Jacobus — Permanently Affordable Housing

Rick Jacobus, Inclusionary Housing: Creating and Maintaining Equitable Communities (2015), Lincoln Institute of Land Policy. Pre-reading note — not yet read.

Why This Book Matters

This is the practitioner’s manual for shared equity homeownership — the Lincoln Institute of Land Policy’s guide to the legal, financial, and policy mechanics of keeping housing permanently affordable. Where Davis provides the history and philosophy, Jacobus provides the spreadsheets. Resale formulas, ground lease terms, subsidy retention calculations, AMI benchmarks, stewardship organization design — this is where the numbers live.

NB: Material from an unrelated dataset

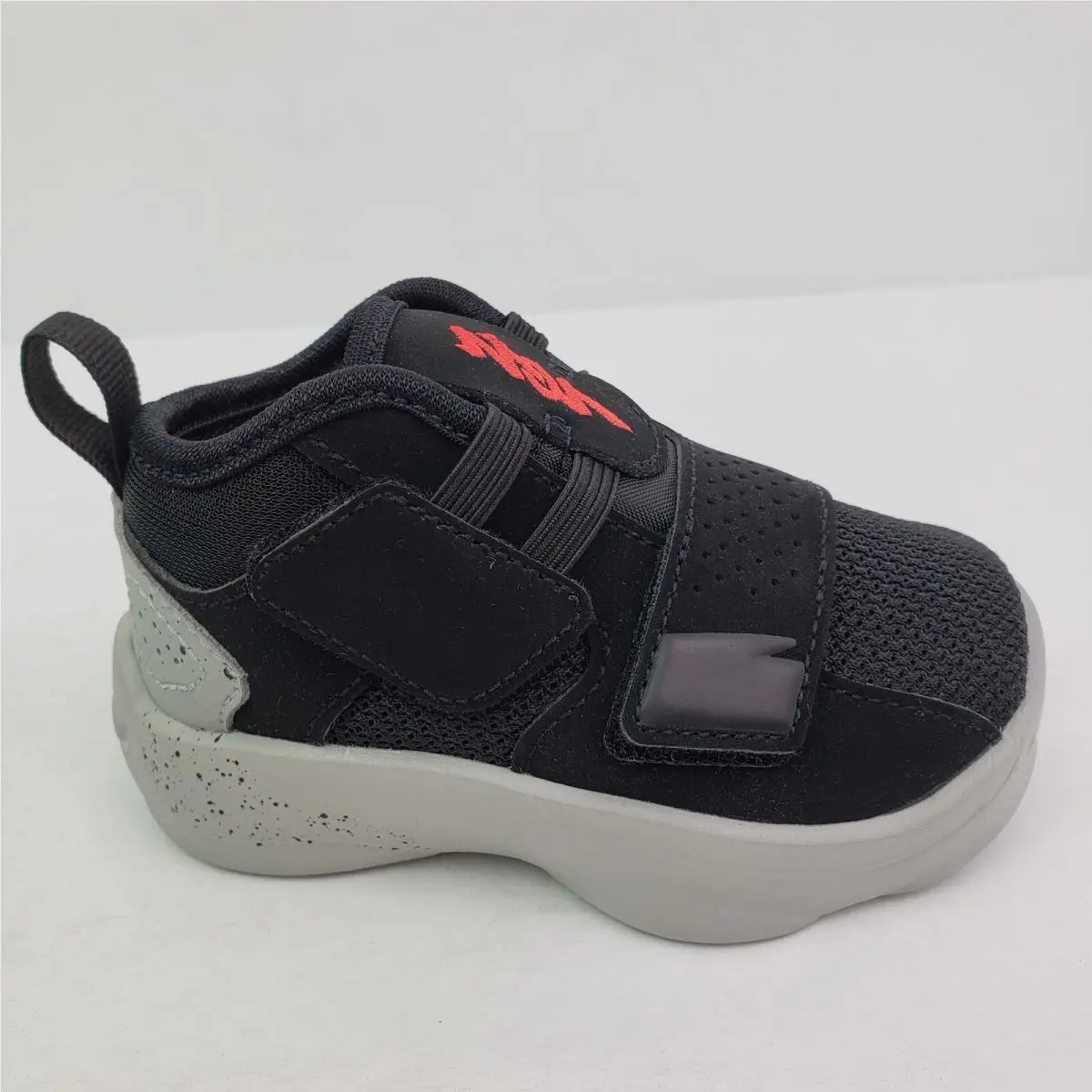 Nike shoes - Black 0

If a funder, municipal partner, or housing policy person asks “how does the affordability actually stay permanent?”, the answer needs to be grounded in the framework Jacobus lays out. This is the technical credibility book.

Connection to the Project

Directly relevant to the Wellspring Financing Strategy and CLT-LEHC Hybrid model. The 30% of AMI-scaled income target, the resale formula design, the ground lease mechanics — these all need to be calibrated against the standards Jacobus documents. This is also where the Demutualization protections get their legal specificity: what structural features in the ground lease and organizational bylaws prevent future conversion to market-rate housing?

What to Read For

  • Resale formula design — how do different formulas balance equity building for residents against long-term affordability?
  • Ground lease terms — what provisions protect the mission across ownership transitions?
  • The stewardship organization — what does the CLT entity need to look like institutionally to maintain the model over decades?
  • Policy integration — how do CLTs interact with municipal zoning, tax policy, and affordable housing programs?
  • Data on outcomes — do CLT homeowners actually build wealth? Do they stay? What are the default rates compared to conventional mortgages?